Heck, actually I made some benchmarking over the entire parse_bbc() code, and I nearly always get very high performance (e.g. a few milliseconds per post, even with multiple tags in them)...
I don't really know what's slowing it down, then.
Maybe it's a waste of time...

Title: Re: BBC whitespace trimming
Post by: Arantor on May 26th, 2012, 08:11 PM

Quote

I mean, do you know of many users who manually type their tags, and when they do, they're not geeks and thus don't follow the common use of lowercase for tags...?

Don't forget places like PhotoBucket that provide 'embed code', only for it to be in uppercase.

The reason, ultimately, that parse_bbc is slow is not because of lacking micro-optimisations but because of its overall methodology, where it steps through the content tag by tag. Posts that aren't tag heavy will be quick, posts that have lots and lots of tags will be much higher proportionately.

Title: Re: BBC whitespace trimming
Post by: Nao on May 26th, 2012, 09:30 PM

Do you have a sample post available that is known to be a horrible speed offender? That'd be great...

Title: Re: BBC whitespace trimming
Post by: Arantor on May 26th, 2012, 09:40 PM

Not offhand, but any post with a lot of tags should be slow, especially if they're heavily nested. Large lists for example.

Title: Re: BBC whitespace trimming
Post by: Nao on May 26th, 2012, 09:44 PM

I did a few tests earlier and the only offenders were the Aeva and media tags actually...

Posted: May 26th, 2012, 09:43 PM

Shall I keep the strlen db cache then btw?

Title: Re: BBC whitespace trimming
Post by: Arantor on May 26th, 2012, 09:54 PM

Aeva and media have specific reasons why they make a significant difference. For general parsing, it's just a case of having very long posts with lots and lots of tags.

If the strlen changes make it faster, I'm all for keeping it. Just nudge me to make sure the bbcode support in the plugin manager does it too.

Title: Re: BBC whitespace trimming
Post by: Nao on May 26th, 2012, 10:35 PM

So... I made this post with several list items and a six-cell table, an image and a raw URL, and got it parsed in less than 2 milliseconds... It's pretty much weird that there are performance issues at all?!

Also, a bug! Another...
When you choose to add a link, it shows the img tag and the URL in between. Once you submit, it gets submitted as this:

Code: [Select]

[img]http://[url]http://wedge.org/welog.png[/url][/img]

Ahhhhh... Again.

(http://[url]http://wedge.org/welog.png[/url])

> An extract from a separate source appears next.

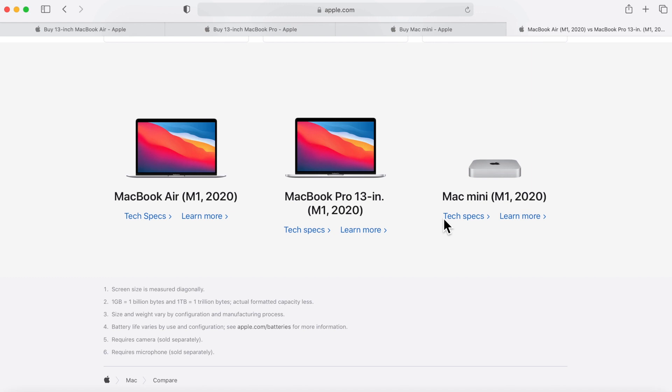I hope this video created value for you. Are you going to get an Apple Silicon Mac? Which one are you going to get? Let me know in the comments. I'm really excited to hear what you guys think. If this video created value for you, click that subscribe button for more videos like this in the future. Catch you in the next one.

Title: Re: BBC whitespace trimming
Post by: Arantor on May 26th, 2012, 10:56 PM

Quote

So... I made this post with several list items and a six-cell table, an image and a raw URL, and got it parsed in less than 2 milliseconds... It's pretty much weird that there are performance issues at all?!

In the scheme of things, however, it soon adds up (and that's still a 'simple' post really), it can easily account for 50% of a single page's execution. Push it through a profiler.

Also, odd :/

Title: Re: BBC whitespace trimming
Post by: Nao on May 26th, 2012, 11:58 PM

The img problem was due to Aeva, once again...
I added img to the exception list.
I'm guessing this will require a rewrite, still. I don't like the idea of this happening all too often....

I'm actually wondering whether I couldn't simply move all embedding code to parse_bbc(). Eh, why not... Footnotes are already there, after all. Why not the rest. Unless of course I forgot about a good reason to have it outside.

Re: performance, I made more tests, and I still can't get a full page to use more than 10% of the overall resources... (With a full page of regular posts + a few more complex ones.)
I really don't know what's hapenning. Maybe it's not in parse_bbc() itself...?!

Title: Re: BBC whitespace trimming
Post by: Arantor on May 27th, 2012, 12:11 AM

Hrm, interesting. I know that there were already slight changes made (e.g. about how the tag list was built)

I'm just surprised that you're not seeing as much load.